▶ _Problem requirements_:
The lines below, from the one holding "라이스엠 화이트 셸 배터리" through the final line, are to be copied exactly, with no other lines and no pictures.
(Beginning of Given material)
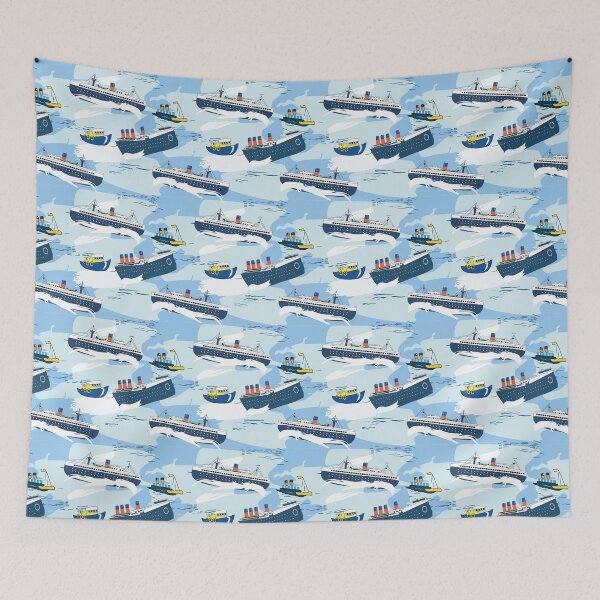 Item preview, Vintage Ocean Liners and Boats Pattern designed and sold by TrendTex.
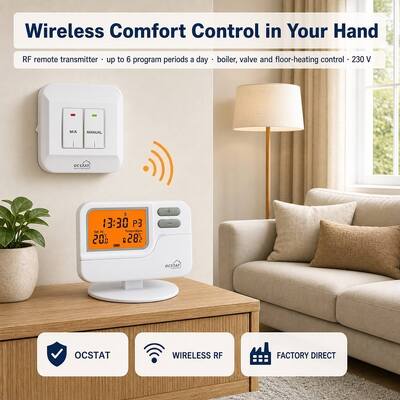 라이스엠 화이트 셸 배터리 디지털 룸 프로그래밍 가능한 온도계 7일 HVAC 시스템과 함께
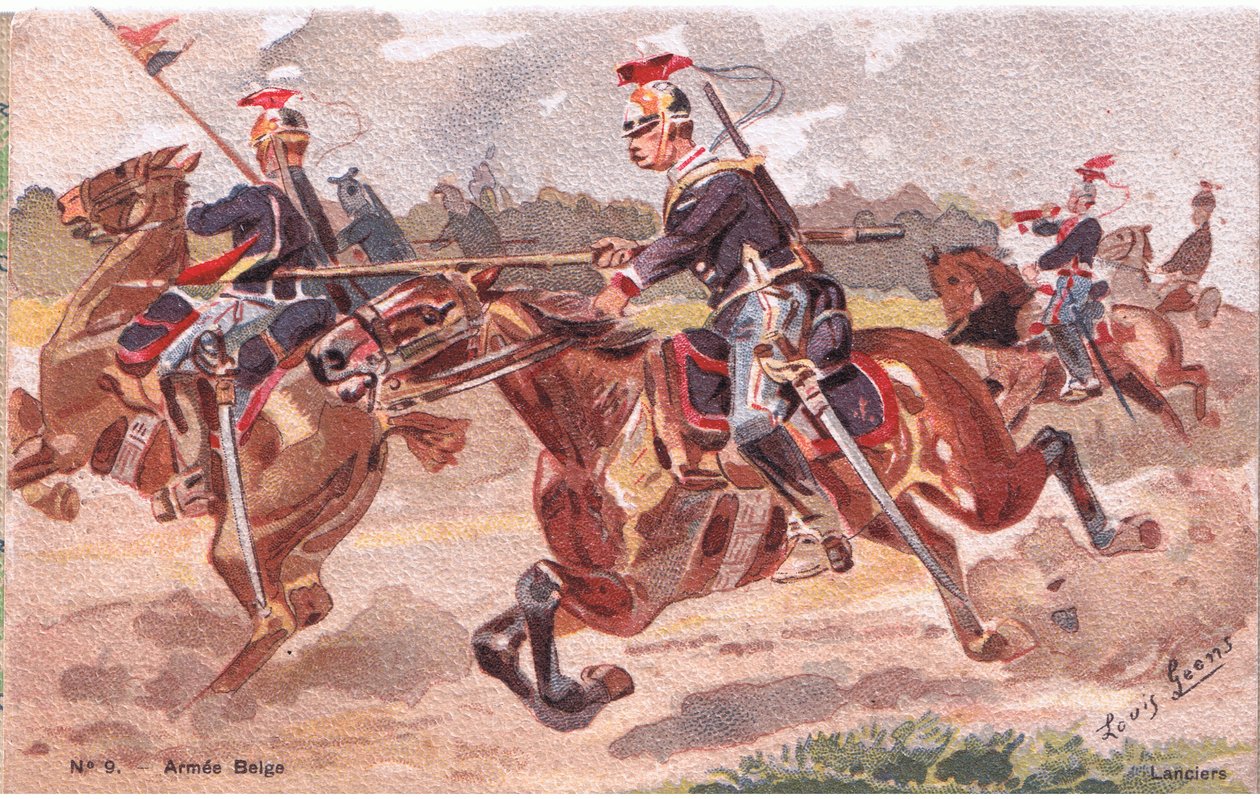 Lanciers, vykort, 1920-tal av Louis Geens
(End of Given material)
▶ _Your response_:
 라이스엠 화이트 셸 배터리 디지털 룸 프로그래밍 가능한 온도계 7일 HVAC 시스템과 함께
 Lanciers, vykort, 1920-tal av Louis Geens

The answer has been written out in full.